◆ Task input ◆
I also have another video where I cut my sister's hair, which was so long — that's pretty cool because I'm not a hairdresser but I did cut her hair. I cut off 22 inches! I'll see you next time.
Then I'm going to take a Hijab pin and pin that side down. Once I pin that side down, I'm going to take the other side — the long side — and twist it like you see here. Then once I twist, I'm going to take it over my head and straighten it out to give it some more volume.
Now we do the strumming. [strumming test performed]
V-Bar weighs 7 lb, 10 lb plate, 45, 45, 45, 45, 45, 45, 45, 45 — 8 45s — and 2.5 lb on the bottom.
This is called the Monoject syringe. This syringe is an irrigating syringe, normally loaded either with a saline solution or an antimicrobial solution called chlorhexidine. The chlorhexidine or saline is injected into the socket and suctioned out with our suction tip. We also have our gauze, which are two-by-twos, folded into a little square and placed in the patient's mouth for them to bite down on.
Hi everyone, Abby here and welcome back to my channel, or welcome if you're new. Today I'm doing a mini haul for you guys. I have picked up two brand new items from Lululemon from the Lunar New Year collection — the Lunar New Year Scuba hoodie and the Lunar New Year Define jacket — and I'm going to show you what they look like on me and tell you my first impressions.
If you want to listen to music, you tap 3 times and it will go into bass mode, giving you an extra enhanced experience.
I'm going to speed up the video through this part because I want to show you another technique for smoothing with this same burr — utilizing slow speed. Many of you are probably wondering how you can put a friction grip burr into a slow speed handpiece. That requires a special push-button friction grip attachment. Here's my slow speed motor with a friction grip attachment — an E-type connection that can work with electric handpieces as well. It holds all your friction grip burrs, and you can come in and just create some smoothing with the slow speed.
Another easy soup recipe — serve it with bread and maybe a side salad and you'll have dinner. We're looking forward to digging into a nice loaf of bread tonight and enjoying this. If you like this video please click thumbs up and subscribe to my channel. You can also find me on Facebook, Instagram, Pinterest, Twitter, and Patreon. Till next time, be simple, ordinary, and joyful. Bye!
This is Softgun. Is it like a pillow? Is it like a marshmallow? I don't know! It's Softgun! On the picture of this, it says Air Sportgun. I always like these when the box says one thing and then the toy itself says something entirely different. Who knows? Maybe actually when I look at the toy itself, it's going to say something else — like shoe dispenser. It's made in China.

◆ What to work on ◆
Copy the records above exactly, beginning at the line that contains "Now we do the" and stopping after the line that contains "V-Bar weighs 7".

◆ Task response ◆
Now we do the strumming. [strumming test performed]
V-Bar weighs 7 lb, 10 lb plate, 45, 45, 45, 45, 45, 45, 45, 45 — 8 45s — and 2.5 lb on the bottom.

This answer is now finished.